Wednesday, April 04, 2007

another same feeling...

It feels as if it's deja vu...
Somehow, this is a path i've walked down before,
once again, im at the same point in my life.

i tried moving on... i still am, and i will...
i try to be content i know but at the back of my mind, its not going to be easy for me...
why am i placed in such a situation over and over again?
i doubt i can take it anymore, sometimes i feel as if im going to burst any moment...
i wish i could just walk away... and it'll be a part of my memory forever...
then the question is, will i be satisfied and happy with that decision?
leave me alone... leave me alone...

4 Comments:

Blogger rach p said...

He would never give you something more than you could handle.. *hugs*

9:38 PM  
Blogger valeey said...

i know... *hey! thats my MY line*... hahaha

thats d suckiest part.. i know He wont give me something i cant handle or put me thru something i cant deal with...

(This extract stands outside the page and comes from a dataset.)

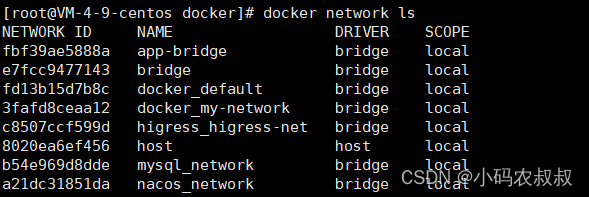 【云原生】Docker Compose 使用详解插图(10)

but im just sick of being in d same situation again and again...

perhaps its a lesson... which i think it is... but its hard... :(

p.s. did u get my number?? ;p

12:58 AM  
Blogger glo teng said...

mm, it sure is hard.

the process is.. sucky..

but you know what, after going thru it, when u look back, you will be so amazed at urself, and even more grateful to God who has been with you through it all.

just keep walking and doing what you know is right...

i've learnt this over the past few months. it sure wasn't easy, but finally, i'm out of a situation that has pestered me for so long.

today is the first day i came to such a realization and revelation. and i hope to be able to walk in this freedom in my days to come! :)

gambate! :D

ps: val, i texted you. tell me if u got my msg k? :)

3:32 AM  
Blogger valeey said...

hey glo... i did not get ur text msg... dat is weird.. is there some kinda other number u need to add in front or something? ya know, phone's here are wayy different.. well i mean d line.. not the phone.. haha...

and yes.. today's devotional guide really hit me hard in d face... i put my own unnessary 'gods' in front of me.. will share with u guys more when i have the book in front of me.. currently at the library.. hehe love u both!!